In the case of Kason Kek-Gardner Ltd v PCL [2017] EWCA Civ 2132, the Court of Appeal has highlighted the importance of interpreting a contract based on the language of the agreement, and not clouding its meaning with background knowledge of the parties.


KPCL was in administration and entered into two asset sale agreements with two separate companies, each of which were created by former directors of KPCL. In the first agreement, KPCL sold its intellectual property rights and assets from two of its divisions to PCL, and ten days later in a second agreement, the remaining two divisions and assets were sold to Kason Kek-Gardener Ltd (KK-G). These two agreements suffered from lack of clarity.

PCL then licensed some of its acquired intellectual property rights to KK-G under a third agreement. However, this agreement was terminated due to a purported breach of confidentiality by KK-G, which had disclosed the agreement to a prospective buyer during the due diligence process.

PCL and KK-G then disputed what each party had acquired under the first and second agreements respectively. KK-G argued that the parties had acquired the intellectual property for the divisions they had each acquired. One of the intellectual property rights in question was a trade mark numbered '46553 KEK' which PCL had acquired under the terms of the first agreement. However, that trade mark had been removed from the register. There was, however, a live KEK trade mark registered under a different number.

The High Court decided that the first agreement had transferred only the intellectual property rights from the divisions PCL had obtained. Key to this decision were background facts which were not known to both parties. This judgement was also contradictory in places and so KK-G appealed the decision to the Court of Appeal.
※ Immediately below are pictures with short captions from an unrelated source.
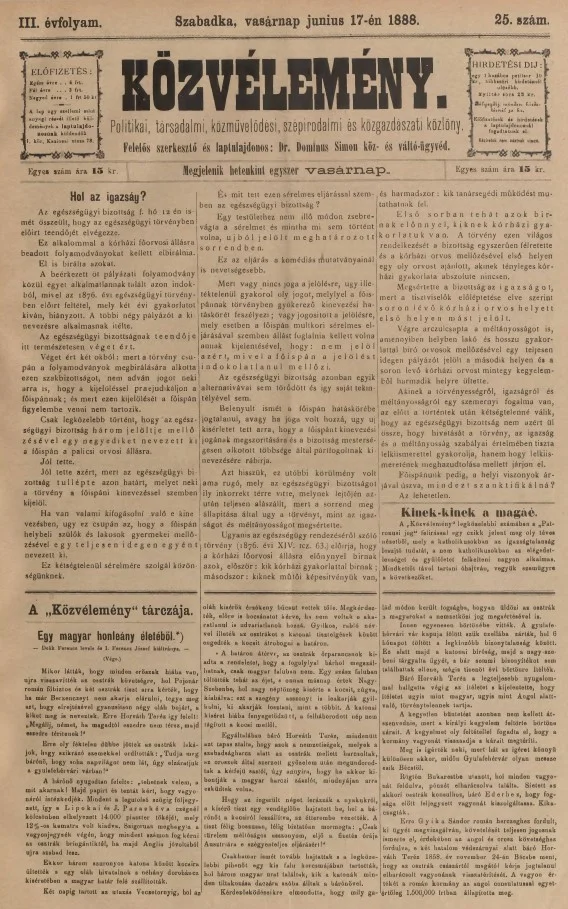 Közvélemény, 3. évf. 1888. június 17. 25. sz.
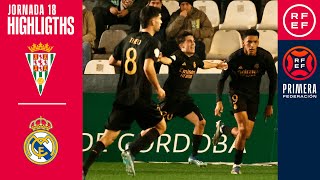 Resumen PrimeraFederación  Córdoba CF 12 Real MadridCastilla  Jornada 18 Grupo 2 [upl. by Enaitsirk]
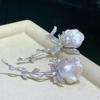 Pearl Corsage, Elegant Rose Brooch, Copper Micropaved Zircon Thick Gold-plated Pin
The Court of Appeal overturned the High Court's decision and held the second agreement with KK-G, which was entered into ten days after the first agreement, could not be used to interpret the first agreement, as the conduct of the parties after agreements are concluded does not affect the interpretation of the agreement.

The court also confirmed that admissible background knowledge was limited to facts that were known or reasonably available to all parties at the time of entering into the relevant contract. Accordingly, it was concluded that PCL had acquired all the intellectual property rights of KPCL under the first agreement, and KK-G had not acquired the intellectual property rights in the divisions it had purchased under the second agreement.
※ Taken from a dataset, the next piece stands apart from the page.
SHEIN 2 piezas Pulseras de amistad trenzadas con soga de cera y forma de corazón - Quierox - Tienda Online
Regarding the incorrectly numbered trade mark, the number and description were inconsistent and could not stand together, so the court was entitled to apply the principle that 'a plain misdescription does no harm' and imply the live KEK trade mark to PCL's agreement.
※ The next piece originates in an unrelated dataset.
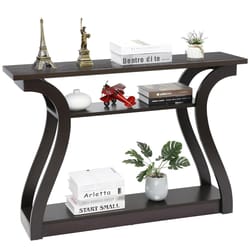 modern industrial console table narrow entryway sofa table with storage shelf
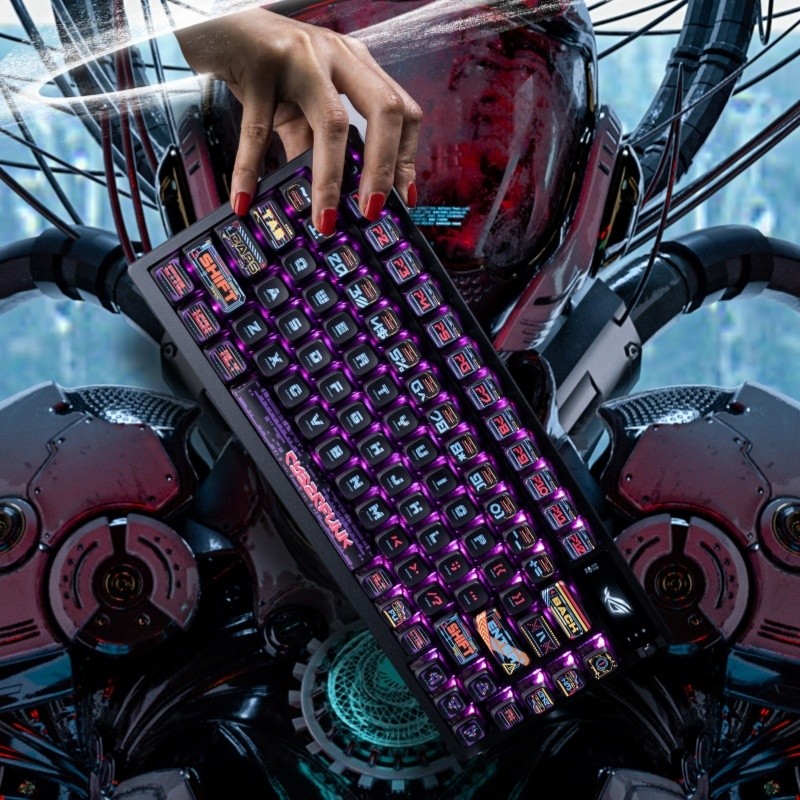 Cyberpunk Functional Party ASA ความสูง Keycap PBT Sublimation Four-Sided Transparent Double Leather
Impact of the case on contract drafting and interpretation

This case highlights the importance of interpreting a contract based solely on the express language of the contract, and not clouding the position with background knowledge.

However, where it is not possible to interpret a contract based solely on the express language of the contract, it can be interpreted by objectively identifying what a reasonable person, in possession of all the background knowledge that would have been available to both parties, would have understood the language in the contract to mean (Investors Compensation Scheme Ltd v West Bromwich Building Society [1997] UKHL 28).

The decision is also a useful reminder that only contracts concluded at the same time between the same parties forming a single composite transaction can be read together, which was not the case here.

Our top tip for draftsmen is therefore to always remember to make use of the recitals as a tool where there are additional documents, facts and circumstances which have relevance to the interpretation of a contract (or certain of its provisions).

The benefits of this practice are two-fold. Firstly, setting out the context of the agreement helps to focus the minds of both parties at the outset and cement their commercial goals (consider for example, drawing attention to the parties' longer term trading objectives, such as a broader roll-out of successful services across the customer's portfolio). Secondly, the recitals can be used to sign-post significant matters, so that there is no doubt that they can be borne in mind by any court one day tasked with interpreting the contract.